If it walks like a duck… acts like a duck… quacks like a duck, well then it’s probably a chicken.
If it walks like a duck… acts like a duck… quacks like a duck, well then it’s probably a chicken.
Anyone else out there as confused as me when it comes to no one being able to point out reality in the world?
Recently a team consisting of 12-to-14-year-old girls were disqualified from further participating in the nationally televised championship game at the Junior Little League World Series in Kirkland, Washington.
Apparently six of the girls on this team posed for a picture that showed them gloating. The photo was posted on social media site Snapchat of the teammates flipping the bird under the caption, “watch out host.”
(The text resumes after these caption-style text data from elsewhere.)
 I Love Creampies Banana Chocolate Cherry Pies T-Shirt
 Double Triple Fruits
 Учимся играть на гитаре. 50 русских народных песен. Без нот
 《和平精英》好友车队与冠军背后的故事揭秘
Deemed immediately “inappropriate” the league explained their “policies regarding unsportsmanlike conduct,” and disqualified the team which was contending for the 2017 world championship.
Talk about a whirlwind starter. However, that wasn’t enough, there’s more wood to throw on this fire.
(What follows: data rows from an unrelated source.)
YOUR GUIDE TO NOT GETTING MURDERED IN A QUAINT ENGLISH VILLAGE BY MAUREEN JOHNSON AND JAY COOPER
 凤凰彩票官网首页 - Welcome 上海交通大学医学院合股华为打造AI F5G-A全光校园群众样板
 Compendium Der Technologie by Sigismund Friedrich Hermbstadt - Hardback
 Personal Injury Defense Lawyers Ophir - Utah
The coach later announced the incident was retaliation to “several incidents of harassment” perpetrated by the other team members during a previous game where a player and an adult coach were ejected after being caught apparently cheating.
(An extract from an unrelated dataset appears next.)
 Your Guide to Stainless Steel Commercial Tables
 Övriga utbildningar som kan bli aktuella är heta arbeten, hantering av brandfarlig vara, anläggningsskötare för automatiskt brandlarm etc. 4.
Need a little more heat? Well the team caught cheating replaced the disqualified team in the playoffs. That blew the lid off the preverbal pot and the social media blew up with complaints.
Many people supported the disqualified team but spoke out against the childish behavior and the post— citing the idiom of “kids will be kids” as an excuse — while questioning the league’s “policies regarding unsportsmanlike conduct.” Some posters even said the league was wrong for the extreme punishment of the girls because “flipping someone off isn’t really that big of a deal anymore.” Others believed the player who posted the picture should have carried the brunt of the disqualifying punishment, allowing the others to continue playing in the tournament.
A few agreed with the Little League’s decision but admitted it’s a “hard lesson” to learn at such a young age.
This is a microcosm of the problems within communities across the world.
No one wants to accept the blame when something goes wrong, and these girls learned that lesson well. Ultimately, being young juveniles old enough to know this particular action is disrespectful, it was their fault. They stood and posed for this picture without any apparent reservations. Yes the person who took it is just as guilty, and so is are the people who posted it. So is the coach and possibly a few parents, because it’s apparent they weren’t keeping an eye on the team.
Who was supposed to teach the team, the individuals themselves, that it was wrong in the first place and there’s consequences to a person’s wrong actions? A child who knows they will get in trouble — what ever that punishment might be — when they get home are inclined to not be involved in bad behavior in the first place.
Punishment? What a medieval concept!
Every human makes mistakes, but it’s how those mistakes are corrected that make us better people.
The whole point of participating in sports is to learn how to work as a team and
use sportsmanship. It seems the lessons are being skewed. While the girls involved are probably not bad children, there is a problem that this behavior is considered nothing to get worked up over and slightly acceptable to the grown ups.
Talk about confusing messages regarding acceptable behavior.
This isn’t just about a softball game; this is about our society as a whole. From the president of the United States and politicians, to the movers and shakers of our times and the common people, families struggling to get by, no body is standing up with a virtuous heart and saying “Yep, I have messed up and done a bad thing that hurt someone. And I’m sorry.”
Whether it’s kids or adults it’s time to take the blame for the faults in this world and then work toward change. If there is punishment for those actions, well, it might not be politically correct, but it’s about time society as a whole starts calling out the ducks of this world when they see them.